Given a sequence of observable variables $\{(x_1, y_1), \ldots, (x_n, y_n)\}$, the conformal prediction method estimates a confidence set for $y_{n+1}$ given $x_{n+1}$ that is valid for any finite sample size by merely assuming that the joint distribution of the data is permutation invariant. Although attractive, computing such a set is computationally infeasible in most regression problems. Indeed, in these cases, the unknown variable $y_{n+1}$ can take an infinite number of possible candidate values, and generating conformal sets requires retraining a predictive model for each candidate.
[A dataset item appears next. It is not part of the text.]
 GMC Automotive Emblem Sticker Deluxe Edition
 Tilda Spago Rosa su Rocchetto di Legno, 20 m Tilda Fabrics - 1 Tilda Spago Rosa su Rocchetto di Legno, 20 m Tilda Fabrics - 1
In this paper, we focus on a sparse linear model with only a subset of variables for prediction and use numerical continuation techniques to approximate the solution path efficiently. The critical property we exploit is that the set of selected variables is invariant under a small perturbation of the input data. Therefore, it is sufficient to enumerate and refit the model only at the change points of the set of active features and smoothly interpolate the rest of the solution via a Predictor-Corrector mechanism. We show how our path-following algorithm accurately approximates conformal prediction sets and illustrate its performance using synthetic and real data examples.

翻译：给定一系列可观测变量 $\{(x_1, y_1), \ldots, (x_n, y_n)\}$，共形预测方法在仅假设数据联合分布具有置换不变性的条件下，为给定 $x_{n+1}$ 时的 $y_{n+1}$ 估计一个对任意有限样本量均有效的置信集。尽管该方法颇具吸引力，但在大多数回归问题中，计算此类置信集在计算上并不可行。实际上，在这些情况下，未知变量 $y_{n+1}$ 可取无限多个可能的候选值，而生成共形集需要针对每个候选值重新训练预测模型。本文聚焦于仅使用部分变量进行预测的稀疏线性模型，并利用数值延拓技术高效逼近解路径。我们所利用的关键性质是：所选变量集合在输入数据的微小扰动下保持不变。因此，只需在活跃特征集的变化点处枚举并重新拟合模型，其余部分的解则通过预测-校正机制进行平滑插值。我们展示了路径追踪算法如何精确逼近共形预测集，并通过合成数据与真实数据示例说明其性能。